"It was the best of times, it was the worst of times..."
Charles Dickens. A Tale of Two Cities.


mardi 28 octobre 2008

Les à-côté de la plaque


Je ne sais plus quel modéré, à l'époque de la Révolution française, se plaignait de la fureur centralisatrice et unificatrice des Jacobins qui, désireux d'effacer toutes les anciennes identités locales héritées de l'Ancien Régime, avaient tranché dans le vif du territoire de la France pour y découper, selon des limites purement arbitraires et rationnelles, les départements.
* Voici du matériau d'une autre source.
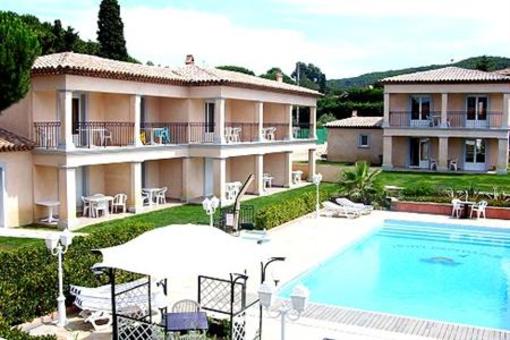 фото отеля Hotel Brin d'Azur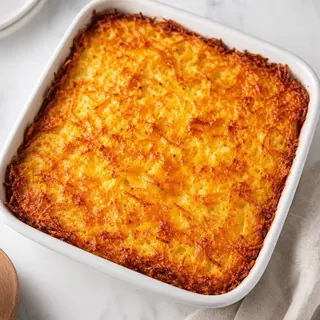 Cheesy Hashbrown Casserole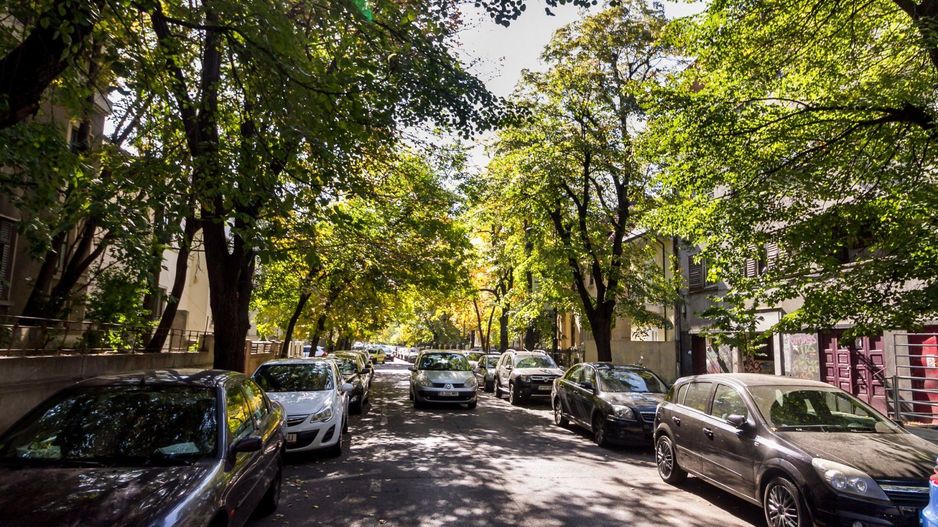 Apartament 3 Dorobanti Nou 100Mp || Strada Roma || Centrala Proprie || Video - Poză 9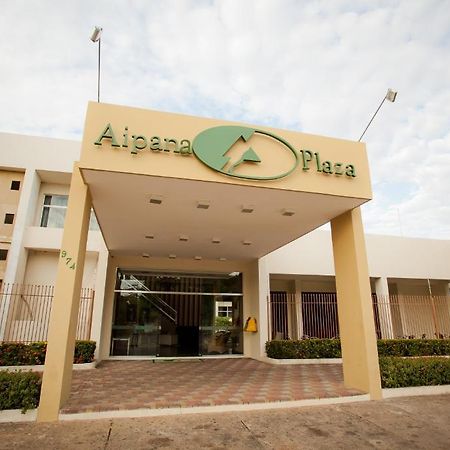 Aipana Plaza Hotel Boa Vista  Buitenkant foto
Pour un peu, ajoutait-il en substance, ils donneraient à ces entités nouvelles, à ces purs êtres de raison non plus des noms mais de simples numéros.
Comme on le sait, c'est ce que l'administration publique française a fini par faire effectivement plus d'un siècle plus tard.
Mais paradoxalement, comme le montre les protestations actuelles concernant le nouveau système national d'immatriculation des voitures, qui prévoit la disparition de l'indication du département, les populations des départements ont fini par développer un attachement pour ces numéros, malgré ce qu'ils pouvaient avoir initialement d'abstraction froide. C'est un exemple assez saisissant de l'importance du sentiment d'appartenance et d'identité dans la vie sociale, car il montre comment la société en quelque sorte sécrète de l'identité même à partir de ce qui apparemment s'y prêterait le moins, un peu à la façon dont des barrières de corail se forment dans certaines mers sur la carcasse rouillée d'épaves.